Ördeğin sahibi gelip “Hani bizim ördek?” diye sorunca Fırıncı boynunu büküp “Uçtu” demiş ve müşteri ile fırıncı kavgaya girişmişler.
Kavga sırasında fırıncı, araya giren bir gayrimüslimin gözlerini çıkarmış. Fırıncı kaçmaya gayrimüslim de peşinde kovalamaya başlamış. Fırıncı bir duvardan arkaya atlarken, duvarın arkasındaki hamile bir kadına çarpmış ve kadın çocuğu düşürmüş.
Kadının kocası da fırıncının peşine düşünce, fırıncı bir de Yahudi’ye çarpıp düşürmüş. Yahudi de kaçan fırıncının peşinden koşturmaya başlamış. En sonunda aseseler hepsini de yakalayıp Karakuşi Kadı’nın karşısına çıkarmışlar.
Ördeğin sahibi: “Bu adam ördeğimi vermedi” diye fırıncıdan şikâyetçi olmuş. Karakuşi Kadı, fırıncıya sormuş: “bu adamın ördeğini ne yaptın?” Fırıncı: “ Ördek güveçte pişerken fırına bir kadı geldi.

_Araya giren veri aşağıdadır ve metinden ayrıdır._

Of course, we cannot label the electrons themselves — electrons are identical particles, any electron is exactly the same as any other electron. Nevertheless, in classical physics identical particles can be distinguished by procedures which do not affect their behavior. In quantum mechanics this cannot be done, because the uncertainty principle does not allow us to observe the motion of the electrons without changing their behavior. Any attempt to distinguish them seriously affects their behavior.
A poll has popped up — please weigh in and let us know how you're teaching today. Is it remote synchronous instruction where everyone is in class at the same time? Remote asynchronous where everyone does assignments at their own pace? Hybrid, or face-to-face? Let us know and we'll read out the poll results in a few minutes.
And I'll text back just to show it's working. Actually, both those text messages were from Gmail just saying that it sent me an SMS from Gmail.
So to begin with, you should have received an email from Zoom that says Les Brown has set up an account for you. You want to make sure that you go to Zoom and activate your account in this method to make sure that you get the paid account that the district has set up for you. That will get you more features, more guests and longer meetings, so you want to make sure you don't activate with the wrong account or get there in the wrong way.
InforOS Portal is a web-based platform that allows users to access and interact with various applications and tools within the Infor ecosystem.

O gidince de baktım ki pişmiş ördek uçmuş ” demiş. Kadı, defterini açıp uygun suçu araştırmış en sonunda “tayyar “uçar” anlamına gelir. “O halde ördek uçarsa suç değil. Ördeğin suçu yok” diyerek fırıncıya beraat kararı vermiş.
Gözü çıkan gayrimüslime sormuş. Defterine bakarak onun şikâyetine uygun maddeyi bulup okumuş “Her kim, bir gayrimüslimin iki gözünü çıkara, o Müslim’in tek gözü çıkarıla...” maddesini bulup okumuş ve Karakuşi Kadı: “ Fırıncı Müslüman olduğuna göre senin öbür gözünü de çıkarması lazım ki biz de onun tek gözünü çıkaralım.” Demiş
Bunu duyan Gayrimüslim şikâyetinden vazgeçmiş ve fırıncı bu davadan da beraat etmiş.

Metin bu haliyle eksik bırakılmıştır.